SeekStorm supports automatic query rewriting. If the query is corrected or completed and the instant parameter is set to true, then the query is automatically rewritten and replaced with the best matching suggestion und results are immediately returned for the new corrected query.
When enabled, key text ectraction Remove ads and navigation elements from the fetched web page before storing and indexing. This increases the relevance of the search results, indexing speed, query speed and reduces the index size. Keytext extraction is enabled with keytextOnly=true in Create crawljob via the REST API.
Sometimes the title of a web page contains the same repetitive string on each page, like in "Crawler - Wikipedia". SeekStorm is able to detect and remove those strings. In this example "- Wikipedia" would be removed, while "Crawler" would remain and rewriten as title of this page in the index. Title rewriting improves both ranking and perceived relevance. Title rewriting is enabled with keytextOnly=true in Create crawljob via the REST API.
Field search allows you to restrict the search within specified fields of the indexed documents. SeekStorm allows you to combine full-text search and field search in different fields within a single query, to refine and narrow down your search results and increase their relevancy to you.
Besides full-text search SeekStorm is able to restrict the search to specific fields, e.g. to titel, URL or domain, author or product category, within the indexed JSON documents. But faceted search is not just a filter, but a complete set of filters is automatically generated/derived from the indexed documents.
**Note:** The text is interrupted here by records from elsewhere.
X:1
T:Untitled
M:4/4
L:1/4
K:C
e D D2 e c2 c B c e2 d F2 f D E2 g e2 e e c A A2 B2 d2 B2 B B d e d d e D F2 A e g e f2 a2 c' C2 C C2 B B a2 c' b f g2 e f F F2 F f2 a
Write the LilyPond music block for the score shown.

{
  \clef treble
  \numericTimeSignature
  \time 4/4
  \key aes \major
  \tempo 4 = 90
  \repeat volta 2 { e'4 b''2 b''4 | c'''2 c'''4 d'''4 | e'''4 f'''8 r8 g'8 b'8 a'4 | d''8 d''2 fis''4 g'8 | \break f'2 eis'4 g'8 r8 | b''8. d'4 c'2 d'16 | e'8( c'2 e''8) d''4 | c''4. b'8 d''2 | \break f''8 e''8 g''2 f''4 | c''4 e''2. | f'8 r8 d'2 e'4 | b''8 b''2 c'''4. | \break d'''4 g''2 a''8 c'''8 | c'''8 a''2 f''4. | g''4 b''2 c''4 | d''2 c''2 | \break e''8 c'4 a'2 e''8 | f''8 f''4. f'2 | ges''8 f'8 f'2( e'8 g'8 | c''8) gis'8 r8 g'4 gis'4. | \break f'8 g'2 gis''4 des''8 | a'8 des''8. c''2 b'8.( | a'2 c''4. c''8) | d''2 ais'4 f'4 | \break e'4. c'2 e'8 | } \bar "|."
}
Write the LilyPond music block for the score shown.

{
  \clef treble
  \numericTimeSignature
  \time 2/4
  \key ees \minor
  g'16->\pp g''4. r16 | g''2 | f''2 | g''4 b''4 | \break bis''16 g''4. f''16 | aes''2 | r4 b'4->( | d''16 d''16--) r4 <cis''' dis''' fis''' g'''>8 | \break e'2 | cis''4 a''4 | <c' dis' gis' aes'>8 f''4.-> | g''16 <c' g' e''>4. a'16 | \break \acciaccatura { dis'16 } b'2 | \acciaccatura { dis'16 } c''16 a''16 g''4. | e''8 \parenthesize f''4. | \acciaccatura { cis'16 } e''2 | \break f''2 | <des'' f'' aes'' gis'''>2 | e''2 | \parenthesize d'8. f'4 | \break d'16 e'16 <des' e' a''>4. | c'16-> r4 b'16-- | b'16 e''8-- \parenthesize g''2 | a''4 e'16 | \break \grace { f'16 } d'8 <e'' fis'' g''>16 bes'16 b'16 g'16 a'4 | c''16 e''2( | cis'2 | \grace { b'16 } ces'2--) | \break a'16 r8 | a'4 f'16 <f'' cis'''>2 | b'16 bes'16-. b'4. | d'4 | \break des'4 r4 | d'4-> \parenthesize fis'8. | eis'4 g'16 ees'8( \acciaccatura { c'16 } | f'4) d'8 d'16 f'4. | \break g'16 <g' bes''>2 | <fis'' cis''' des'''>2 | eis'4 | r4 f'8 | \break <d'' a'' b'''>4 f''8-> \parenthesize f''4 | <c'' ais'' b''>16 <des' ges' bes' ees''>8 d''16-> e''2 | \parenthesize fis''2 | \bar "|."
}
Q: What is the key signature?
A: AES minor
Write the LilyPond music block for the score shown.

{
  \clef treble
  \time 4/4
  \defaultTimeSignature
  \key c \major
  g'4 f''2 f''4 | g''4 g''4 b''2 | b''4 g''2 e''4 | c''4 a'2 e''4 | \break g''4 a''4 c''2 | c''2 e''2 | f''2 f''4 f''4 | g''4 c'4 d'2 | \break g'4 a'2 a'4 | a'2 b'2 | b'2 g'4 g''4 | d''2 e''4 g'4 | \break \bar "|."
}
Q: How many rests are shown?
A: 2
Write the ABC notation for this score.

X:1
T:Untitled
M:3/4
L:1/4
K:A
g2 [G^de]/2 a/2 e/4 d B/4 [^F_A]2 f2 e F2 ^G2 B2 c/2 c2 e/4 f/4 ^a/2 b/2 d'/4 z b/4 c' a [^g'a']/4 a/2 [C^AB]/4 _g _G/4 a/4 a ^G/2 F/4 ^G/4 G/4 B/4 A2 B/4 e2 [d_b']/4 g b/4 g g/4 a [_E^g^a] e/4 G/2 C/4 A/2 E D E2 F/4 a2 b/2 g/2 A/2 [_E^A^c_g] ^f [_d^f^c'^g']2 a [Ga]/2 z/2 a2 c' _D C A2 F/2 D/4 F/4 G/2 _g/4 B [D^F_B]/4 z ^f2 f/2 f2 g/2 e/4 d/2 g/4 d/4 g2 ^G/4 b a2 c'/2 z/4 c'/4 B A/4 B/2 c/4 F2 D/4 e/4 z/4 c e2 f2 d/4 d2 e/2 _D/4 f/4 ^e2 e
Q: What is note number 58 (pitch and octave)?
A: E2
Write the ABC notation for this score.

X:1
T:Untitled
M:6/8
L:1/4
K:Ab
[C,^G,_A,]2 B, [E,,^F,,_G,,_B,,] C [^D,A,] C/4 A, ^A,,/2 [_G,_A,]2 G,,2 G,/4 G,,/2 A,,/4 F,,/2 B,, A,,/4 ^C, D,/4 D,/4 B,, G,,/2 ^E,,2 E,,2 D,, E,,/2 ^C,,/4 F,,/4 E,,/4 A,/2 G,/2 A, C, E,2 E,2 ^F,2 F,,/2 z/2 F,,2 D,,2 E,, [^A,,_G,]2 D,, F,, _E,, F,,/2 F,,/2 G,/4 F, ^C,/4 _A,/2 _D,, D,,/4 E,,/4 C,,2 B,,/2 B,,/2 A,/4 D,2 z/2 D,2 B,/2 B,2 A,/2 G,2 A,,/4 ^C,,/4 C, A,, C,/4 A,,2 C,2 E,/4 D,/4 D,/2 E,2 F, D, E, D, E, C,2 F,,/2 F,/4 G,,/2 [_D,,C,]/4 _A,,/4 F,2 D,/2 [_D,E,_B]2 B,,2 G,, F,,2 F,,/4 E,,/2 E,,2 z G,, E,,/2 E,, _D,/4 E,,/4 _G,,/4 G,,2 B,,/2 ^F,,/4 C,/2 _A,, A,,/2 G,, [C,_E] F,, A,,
Faceted search allows counting and filtering of documents matching specific facet field values that occurs with the indexed documents. Faceted search is often used in product search to narrow down and count the search results according to specific product features like brand, manufacturer, rating, or price. Lern more about faceted search.
Often users don't know exactly how certain foreign words, brands, or product names are spelled. Instead of forcing the user to trial and error, SeekStorm assist them with fuzzy search and spelling correction, that instantly delivers results, even for misspelled or incomplete queries.
We use SymSpell, the Symmetric Delete spelling correction algorithm developed by us to achieve 1 million times faster spelling correction & fuzzy search compared to other algorithms.
Fused search results
SeekStorm enables the aggregation of information and data from different sources, different crawl jobs. It also allows adding auxiliary fields and values (e.g. genre='comedy', product-category='grocery', language='english') to the JSON document created for every crawled document. Those fields will then be returned together with the search results.
SeekStorm search API supports the following field filters: e.g. intitle, intext, inurl, site, allintitle, allinurl, allintext, and additionally for each field defined in the index there is an aptly named field filter available.
SeekStorm search API supports the following boolean search operators: AND, NOT, PHRASE, Implicit PHRASE
SeekStorm is language independent, in crawling, indexing, searching, spelling correction, and query completion. SeekStorm also supports Chinese word segmentation to index Chinese content.
Keyword in Context summaries (KWIC)
For search not only relevancy and speed matters. It is also the representation of search results that heavily influences the perceived relevance and how fast and effortless the user can find those results that matter most to him within the returned search result pages (SERP).
Highlighting the keywords from the query within the search results contributes significantly to the perceived relevancy and saves valuable time when evaluating search results.